Begitu terbangun ia mendapati dirinya sudah di rumah sakit dengan perban di tangannya. Ia pun akhirnya dibawa pulang menuju kamar team ta'mir. Malamnya ia tidur dengan rasa njarem di sekujur tubuh. Di tengah tidurnya ia bermimpi. Ia melihat karpet, tiang, tangga, dan atap masjid mengeluh kepada Allah ta'ala. Mereka mengeluh karena setiap hari digunakan sujud, bertemu, diinjak, dan menaungi seorang munafik. Kelihatannya santri tapi mau juga pacaran. Sudah tahu bahwa "pezina hanya pantas untuk pezina". Bukankah ketika pacaran, mata, telinga, dan hati-nya melakukan zina? Kelihatannya ta'mir masjid, pengurus masjid, tapi kok subuhan sering kesiangan. Bahkan tak jarang sholat subuhnya barengan dengan waktu dhuha. Namun begitu, semuanya mendoakan kebaikan untuk nya. Ia hanya bisa bengong saja. Ia semakin tertekan ketika tumpukan novelet karyanya tiba-tiba berbicara. Tulisannya itu menghujatnya. Ia pandai menulis tentang kebaikan, namun ia sendiri tidak mengamalkannya. Ia hanya memanfaatkan novelnya untuk meraih popularitas dan kebanggaan. Sang pemuda itu pun terbangun dan segera mengambil wudhu. Ia pun tersungkur semalaman dengan linangan air mata. Mengharap ampunan dari Sang Maha Pengampun atas banyaknya salah yang telah ia lakukan.

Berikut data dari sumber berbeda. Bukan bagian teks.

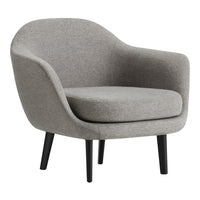Soft gray upholstered chair with a minimalist design and smooth, rounded contours, supported by sleek black legs.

Kemudian ia mencoba mencari jawaban atas kegalauannya itu. Ia bertanya kepada teman-temannya, tapi gak ada jawaban temannya yang bisa membuatnya puas. Ia pun akhirnya berkesempatan bertemu dengan Kang Abik, penulis yang sudah lama menjadi idolanya. "Allah ta'ala tidak suka kepada pemuda yang di hatinya ada noda". Ya, hubungannya kepada Fahira telah membuatnya sering lalai, membuatnya sulit untuk mendekat kepada Sang Pencipta. Hubungannya yang tidak halal -karena belum ada ijab qobul- itu membuat hatinya ternoda.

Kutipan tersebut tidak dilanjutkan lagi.